志士なき幕末 2011:06:21:06:53:25

2011年6月21日

 6月19日(日曜日)に、地域行事の後で、友人のやっている喫茶店に寄りコーヒーを飲みました。その時、「日本経済新聞」の【風見鶏】という候の記事を読みました。大変興味深い記事でした。共感も持てました。

 民主党政権が政権交代を果たした時、明治維新の次の変革だと自称していました。しかし、現在の為体(ていたらく)は、目を覆いたくなるような状況です。(国の政治全てがかなー?)その事を適格に言い表していました。その記事を添付します。

風見鶏

「志士かぶれ」は要らない 【日経新聞朝刊】 2011年06月20日(編集委員 秋田浩之)

 どうしてだろう。政治家に「尊敬する人物」をたずねると、たいてい、人気者は坂本竜馬だ。たとえば野田佳彦財務相も、自身のホームページで「竜馬」の名を記している。

 それでは月並みすぎると思うのか、なかには高杉晋作や大久保利通といった名をあげる人もいる。前者は菅直人首相、後者は民主党の小沢一郎元代表だ。いずれにしても、多くの政治家は東西を奔走し、明治維新の扉をひらいた幕末の志士たちに自分の姿を重ねたがる。

 だが、多くがあこがれるのは司馬遼太郎の小説で描かれるヒーローとしての志士であり、国づくりの途上で非業の死を遂げた生き様ではないように思える。

 菅政権の方針を決める閣僚や民主党幹部の会議の内幕を聞くと、志士とはほど遠い姿があらわになる。

 皆がもっともらしい「正論」を吐く。だが、反対者と刺し違えてでも、自分が信じる政策を押し通そうという傑物はいない。会議は踊るが、結局、何も決まらない――。複数の出席者によると、国難に際してもなお、誰もリスクをとろうとしない学級会のような光景がよく見られるという。

 いま、本当に必要なのは「志士かぶれ」の政治家ではない。

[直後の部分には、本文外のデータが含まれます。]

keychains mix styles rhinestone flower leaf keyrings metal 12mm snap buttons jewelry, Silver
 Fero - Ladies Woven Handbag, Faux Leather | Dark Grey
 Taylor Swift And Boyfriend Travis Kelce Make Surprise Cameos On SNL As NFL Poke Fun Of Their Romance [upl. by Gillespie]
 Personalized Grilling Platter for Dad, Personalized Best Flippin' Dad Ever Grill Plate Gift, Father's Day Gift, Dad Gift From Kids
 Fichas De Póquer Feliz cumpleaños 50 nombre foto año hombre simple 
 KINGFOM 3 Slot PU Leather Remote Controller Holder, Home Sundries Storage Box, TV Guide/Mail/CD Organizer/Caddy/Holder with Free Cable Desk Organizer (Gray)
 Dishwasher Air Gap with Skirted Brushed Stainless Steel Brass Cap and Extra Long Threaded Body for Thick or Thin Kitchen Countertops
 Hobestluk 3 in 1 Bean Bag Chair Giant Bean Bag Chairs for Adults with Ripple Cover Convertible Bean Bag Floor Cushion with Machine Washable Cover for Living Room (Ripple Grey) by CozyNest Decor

正しいと思う政策や筋を通すためなら、孤立し、政治生命を落とすことも恐れない本物の志士だ。

 「みんな世論調査を気にして、テレビカメラの前ではもっともらしい主張をぶつ。だが、それを実現するために裏方に回り、泥をかぶってでも党内や野党の説得に当たる民主党議員はほとんどいない」

 震災の対応に当たる政務三役の一人はこう反省する。ここまで政権を攻撃しておきながら、離党する気概がない同党の反執行部系の人たちも何をかいわんや、だ。

 政権交代を果たしたとき、民主党は明治維新に次ぐ変革だと自賛した。自分も一瞬、そうかもしれないと思いかけた。鳩山前政権が迷走を始めたときも、明治維新から廃藩置県まで4年かかったのだから長い目でみよう、と努めてみた。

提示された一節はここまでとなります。